Supplied information:
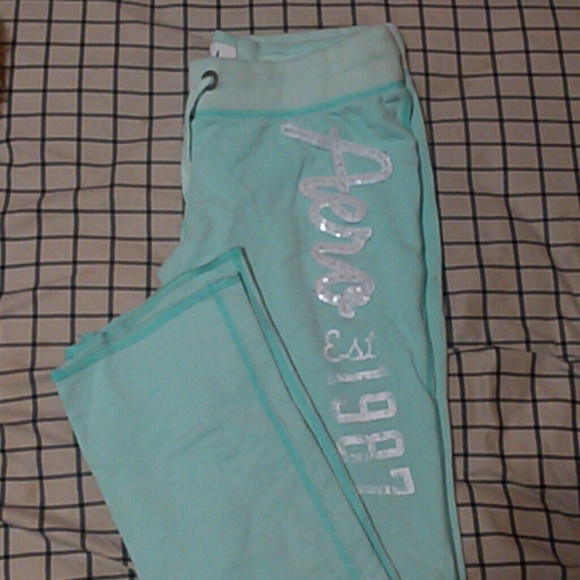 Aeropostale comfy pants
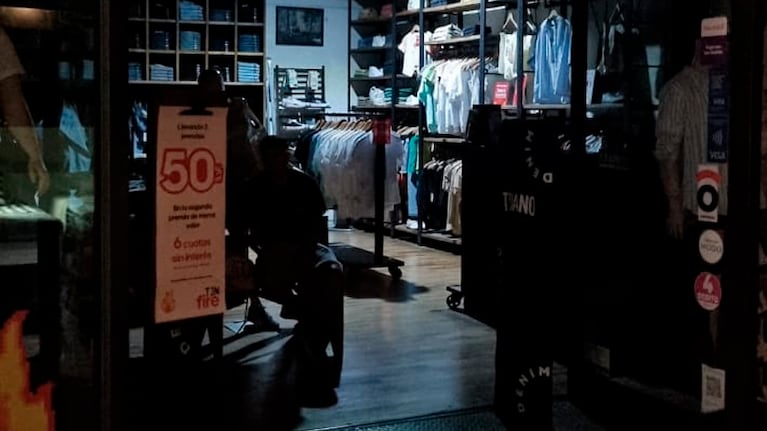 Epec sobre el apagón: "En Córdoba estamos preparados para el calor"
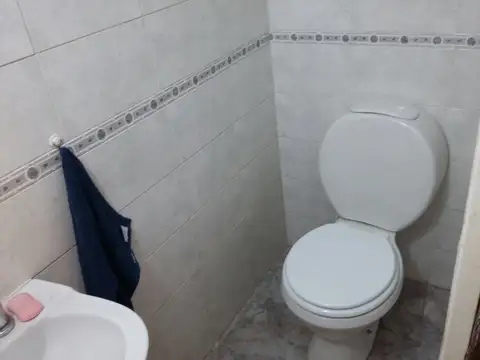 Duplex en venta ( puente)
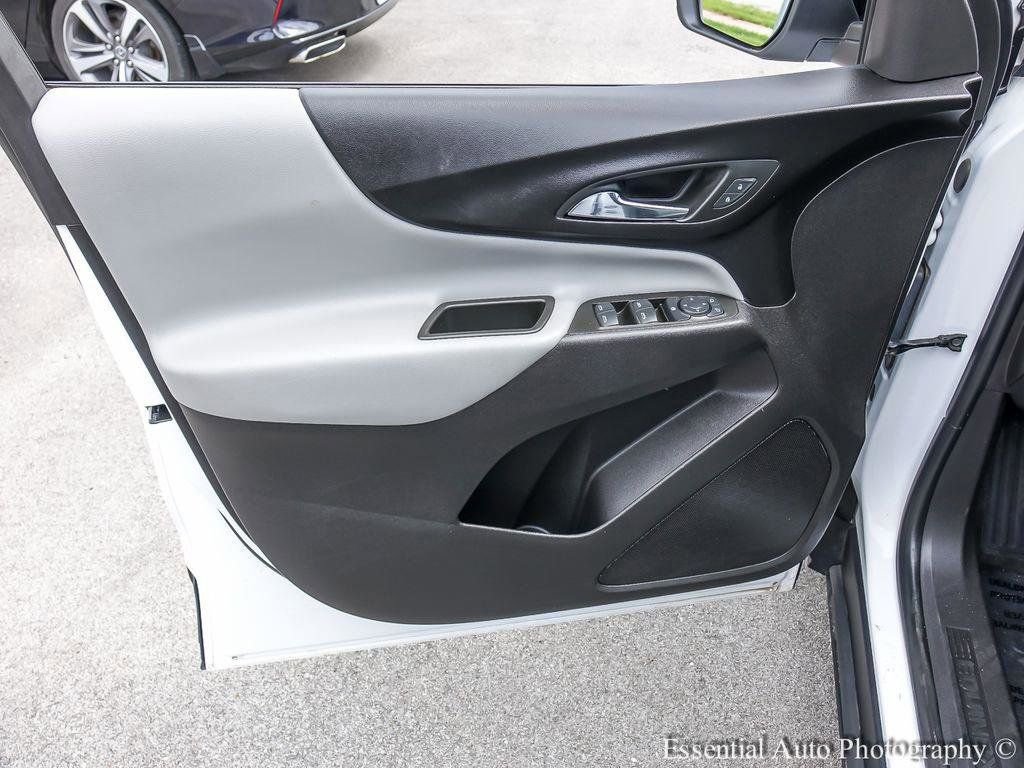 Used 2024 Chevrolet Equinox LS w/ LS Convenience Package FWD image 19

Aim of the task: Give back word for word the lines from the one containing "Duplex en venta ( puente)" through the final line of the data above. Pictures are to be left out.

Exercise response:
 Duplex en venta ( puente)
 Used 2024 Chevrolet Equinox LS w/ LS Convenience Package FWD image 19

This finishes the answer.